Meet the New Boss

In response to Nick Gillespie’s brilliant insight about journalists’ hypocrisy on drones:

Someone commented on Twitter, I think maybe Kirsten Powers, that libertarians seem to be the only ones with any consistency on this subject.  We expect partisans to be partisan about their guy, which is why I think Gillespie’s indictment of the media is particularly noteworthy:

By making clear that as a journalist he tries to see things first and foremost from the perspective of the powerful, Michael Tomasky helps to clarify why so many in the media are rushing to the president’s defense. They are entranced with power and the view from the top. “Presidents live with that responsibility [of protecting American lives] every day,” he writes. “If that responsibility were mine, I can’t honestly say what I’d do, and I don’t think anyone can.” Not all journalists are awed by power, of course, even on the right (National Review’s Jim Geraghty, for instance, asserts that this sort of thing of extra-judicial killing policy wouldn’t be cricket even under a GOP president).

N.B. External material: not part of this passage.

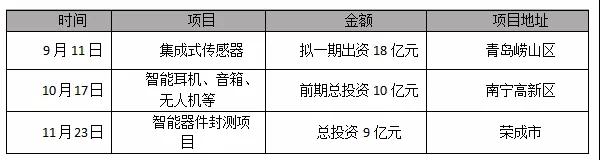 歌爾股份：擬9億元在榮成投建智能器件封測項目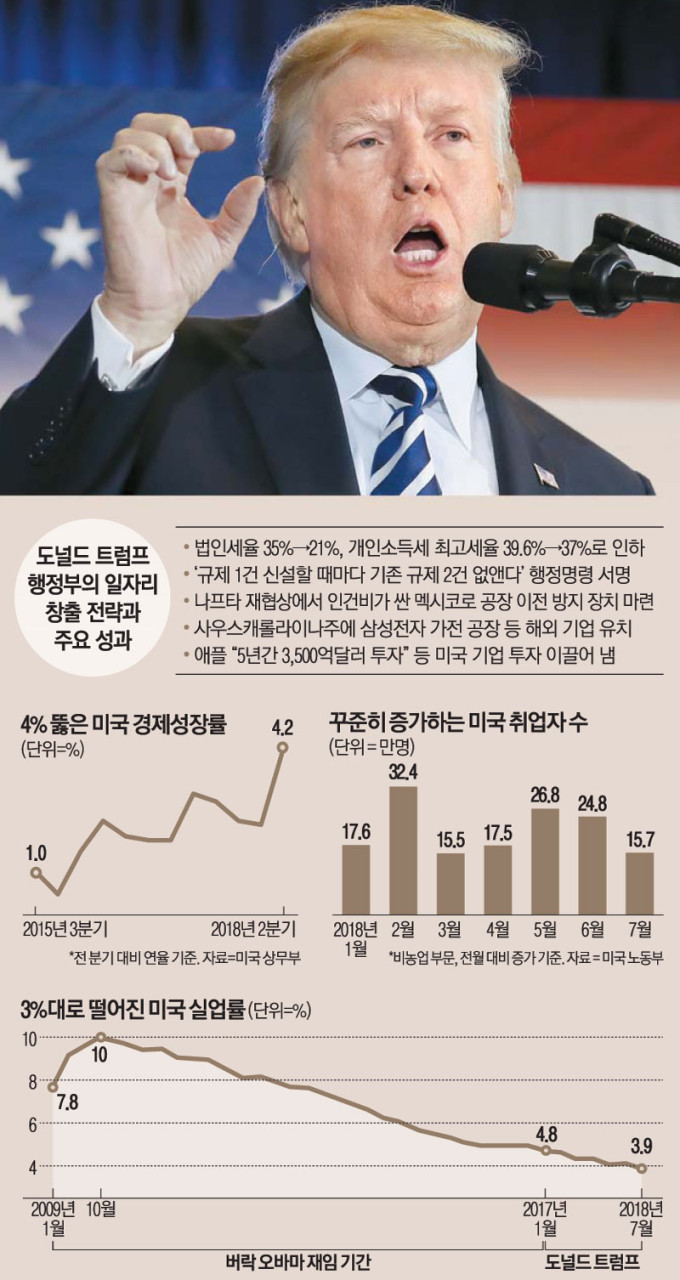 트럼프, 한국 등 제조업 미국으로 이전…세계적 파장 예고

This isn’t ultimately about ideological hypocrisy – of liberals changing their tune once their guy is in office – but something much more basic and much more disturbing. It reveals that for all their crowing about being watchdogs of all that is good and decent in society, when push comes to shove, too many journalists are ready and willing handmaidens to power – including the power to kill.

These modern-day watchdogs are now on the inside of the fence protecting those in power and keeping us out.